Il prospetto è interamente in laterizio, stucco e travertino, le tre nicchie sono incorniciate con semplici paraste che conferiscono all'insieme un certo appiattimento geometrizzante, effetto accentuato dalla scelta del severo ordine dorico, che Vitruvio chiama lo "stile di forme maschili", per i capitelli e l'architrave. I lavori murari interessarono sia il nuovo prospetto vero e proprio, sia la vasca che da rettangolare divenne di forma ovoidale, sia una risistemazione della zona limitrofa comprendente la loggetta con colonnette e finestrone che corrisponde al Vestibolo Rotondo e il grande portale a cancellata che immette nel giardinetto della fontana; vennero anche rinnovate le spalliere di alberi da frutto chiamati alternativamente "cedri" o "aranci", un tipico dei Giardini Vaticani per riqualificare la zona.

I colori che vennero scelti per il prospetto rispecchiano il tipico gusto tardo Settecento per gli esterni e sono stati oggi riproposti con squisita sensibilità e rigore filologico al dettato dei documenti. 

La scena mitologica che trova posto nella nicchia centrale è desunta da un racconto secondario del mito della Caduta di Fetonte: la metamorfosi delle tre sorelle di Fetonte, le Eliadi, in alberi di pioppo, e del suo amico Cicno in un cigno dalla voce melodiosa. Disperati per la morte di Fetonte, le Eliadi e Cicno chiedono agli dei di partecipare in eterno alla sua sorte, vicino al fiume in cui è caduto, il Po. Il racconto è tratto dal II libro delle "Metamorfosi" di Ovidio. Lo scultore Gaspare Sibilla († maggio 1782) - attivo in questa veste e come restauratore anche nel Pio Clementino - realizzò tutto il fondo in stucco a basso e altorilievo e il fiume Po in scultura di marmo a tuttotondo.

Anche la grande barca ospitata nella vasca venne completamente rifatta – ed è quella che vediamo tuttora animata da pittoreschi getti d'acqua - dallo stagnaro Carlo Giuseppe Bassetti fra il 22 maggio 1780 e il 31 maggio 1781, sullo schema della precedente. 

La Galera era stata, alla pari di tante creazioni barocche, anch'essa concepita nell'estetica della "meraviglia" nelle fontane, animandosi di suoni grazie a congegni meccanici messi in funzione dall'acqua e completava con le sue sonorità artificiali la coreografia dell'artificio dell'acqua e della candide sculture sullo sfondo.

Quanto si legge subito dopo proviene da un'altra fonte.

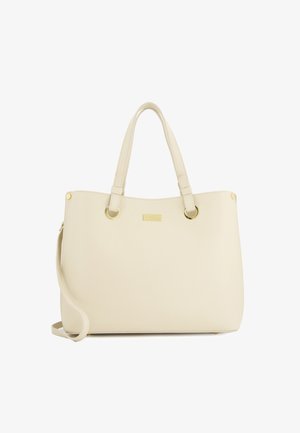 Kremowa skórzana torba tote z złotymi akcentami, podwójnymi uchwytami i regulowanym paskiem na ramię. Gładka tekstura i zorganizowany kształt.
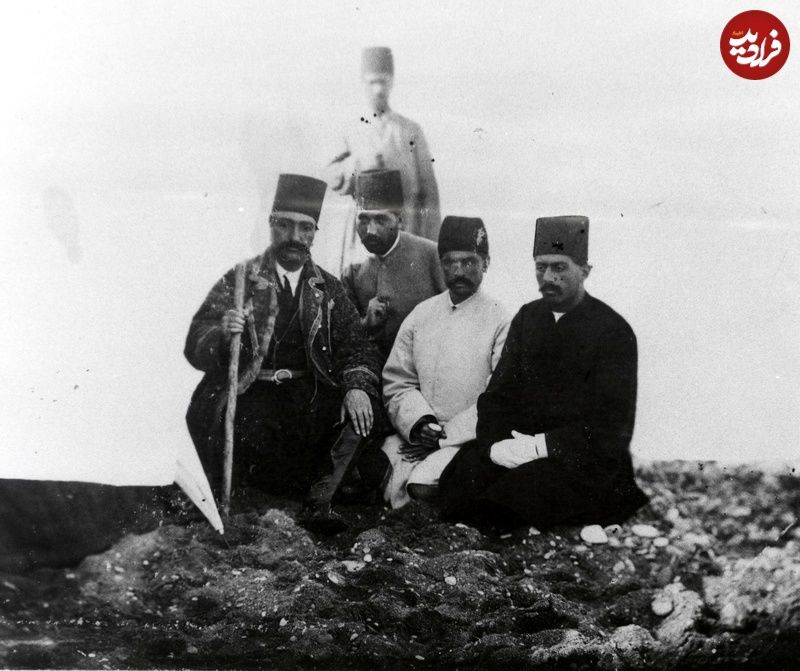 لب دریا
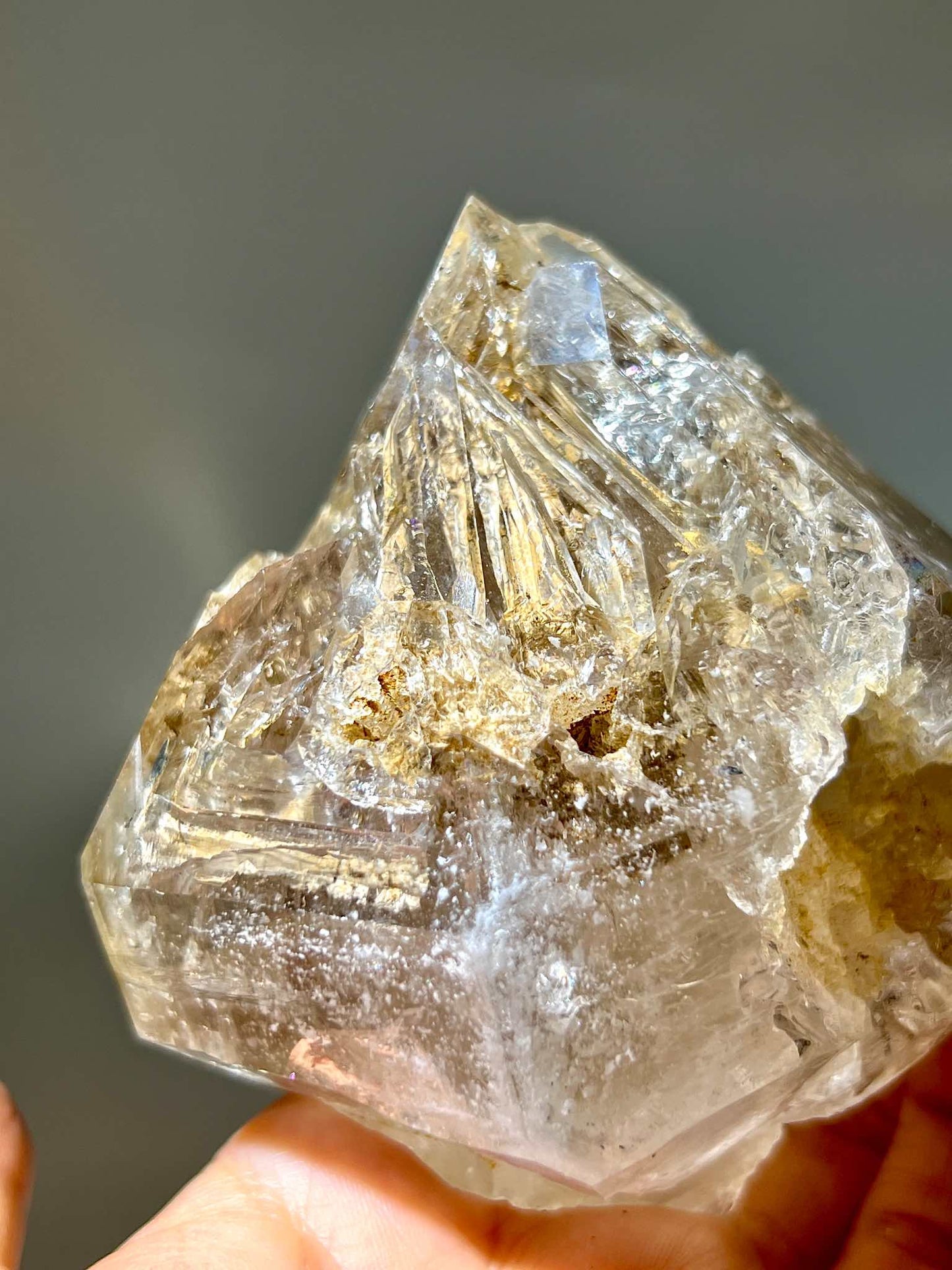 骸骨閃靈鑽 骸骨水晶 skeletal Herkimer diamond 美國閃靈鑽 赫基蒙閃靈鑽 閃靈鑽 香港閃靈鑽 白水晶 白晶 水晶 天然水晶 南無水晶 namucrystal 巴基斯坦閃靈鑽 空窗 涅槃水晶 水晶
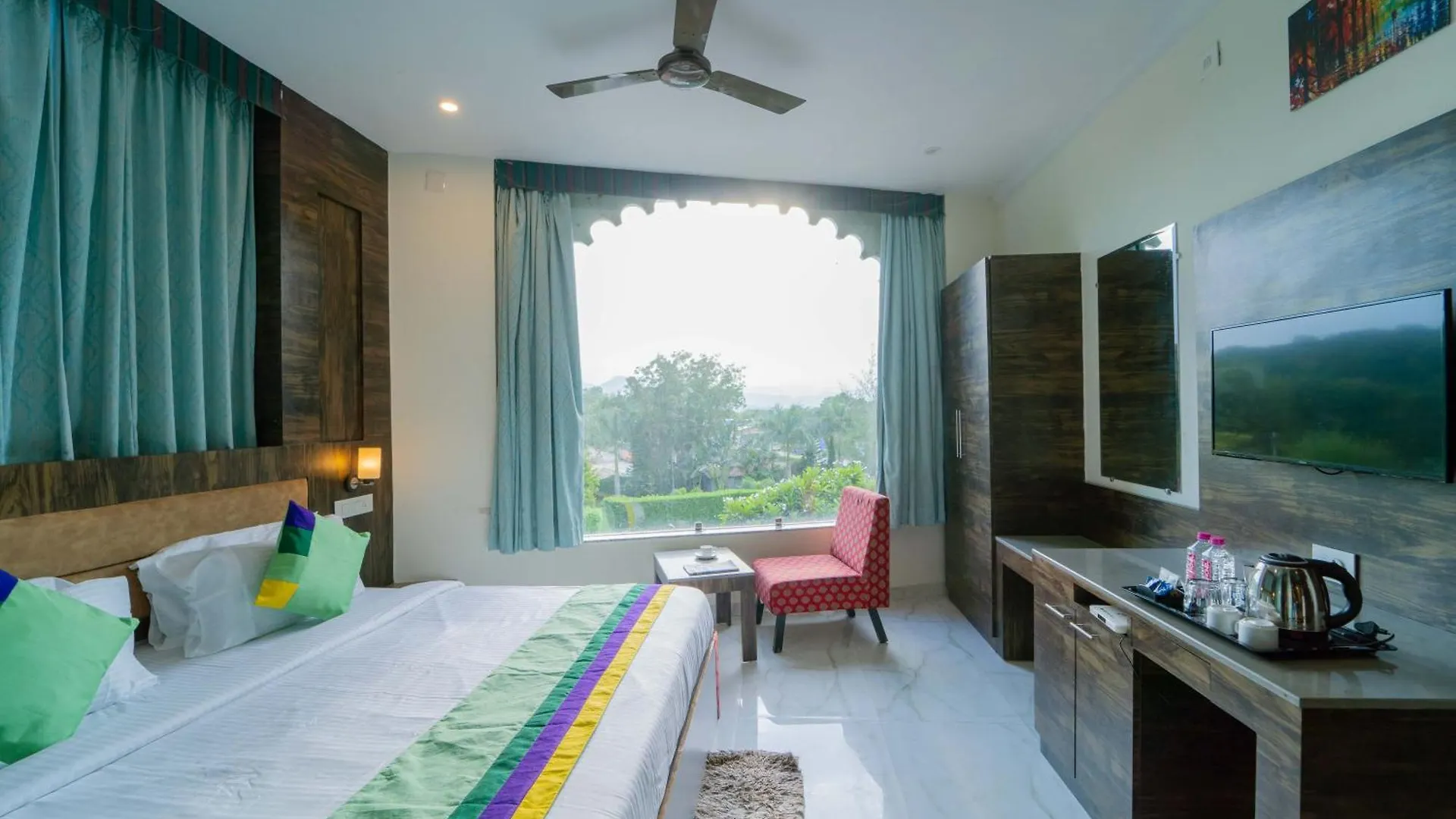 Treebo The Aravali Getaway Hotel Udaipur 3*,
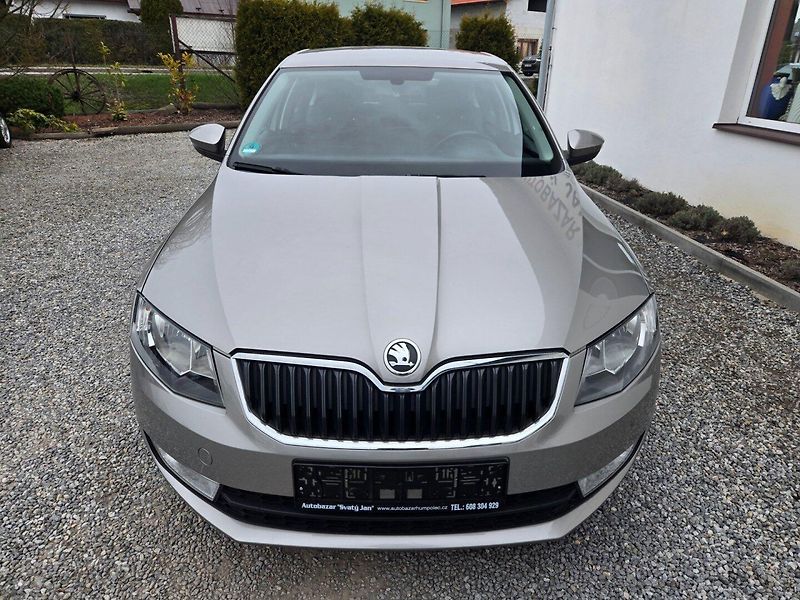 Škoda Octavia (2016) 1.2 TSI Serviska,TOP - fotka 7 z 27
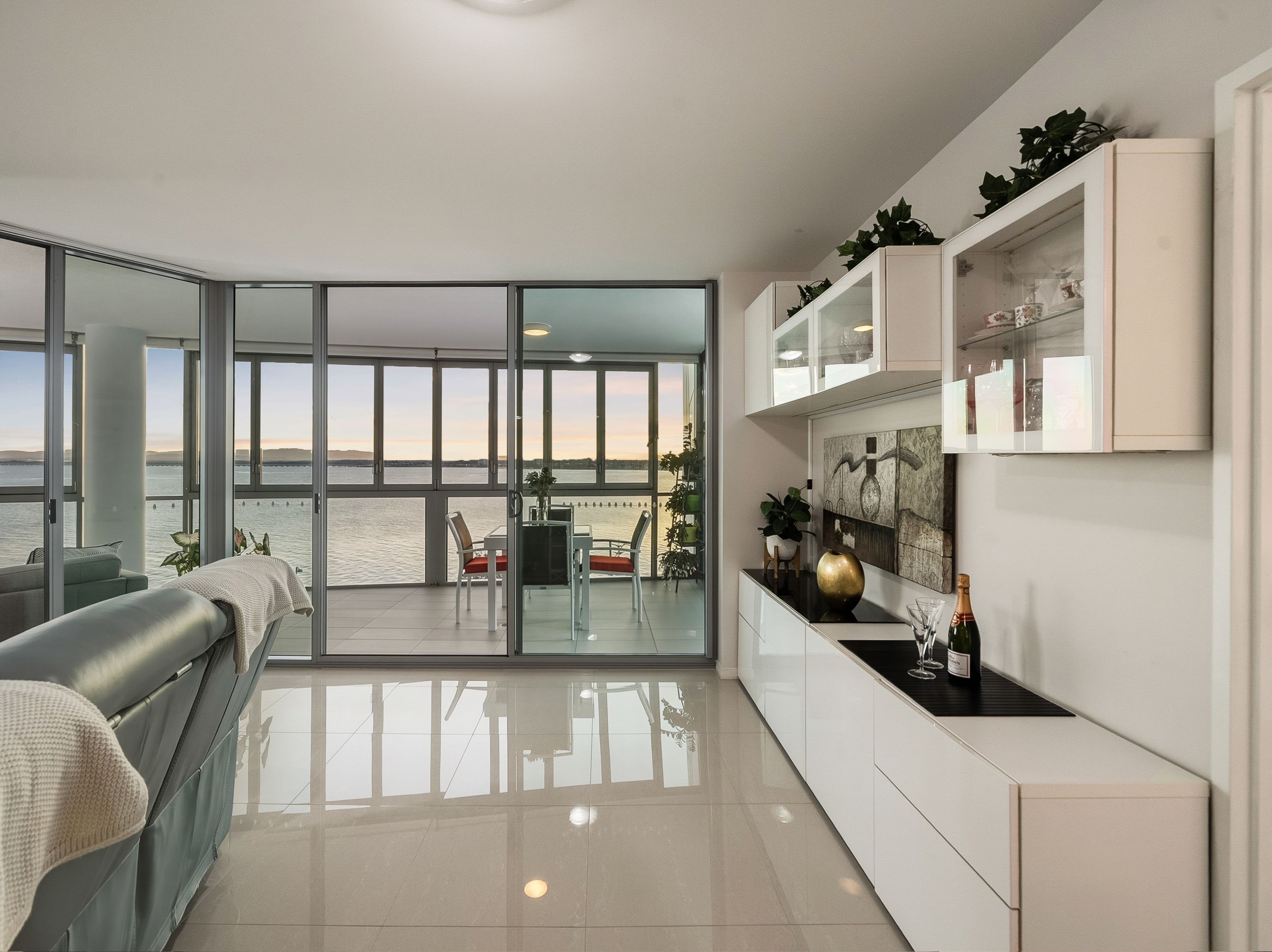 501/14 Oxley Avenue, Woody Point, QLD 4019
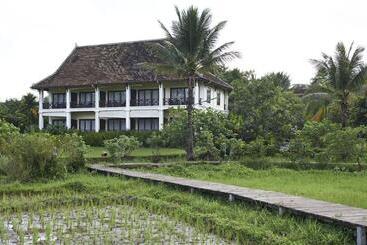 هتل Santi Resort & Spa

Alla "galera" dei Giardini Vaticani il cardinale e poeta Maffeo Barberini dedicò il notissimo distico, pubblicato nella sua raccolta poetica del 1644 sotto il titolo "De fonte Pontificio navis effigem habente: Bellica pontificum non fundit machina flammas, sed dulcem belli qua perit ignis aquam" (La macchina da guerra dei pontefici non getta fiamme, ma dolce acqua con cui finisce il fuoco della guerra).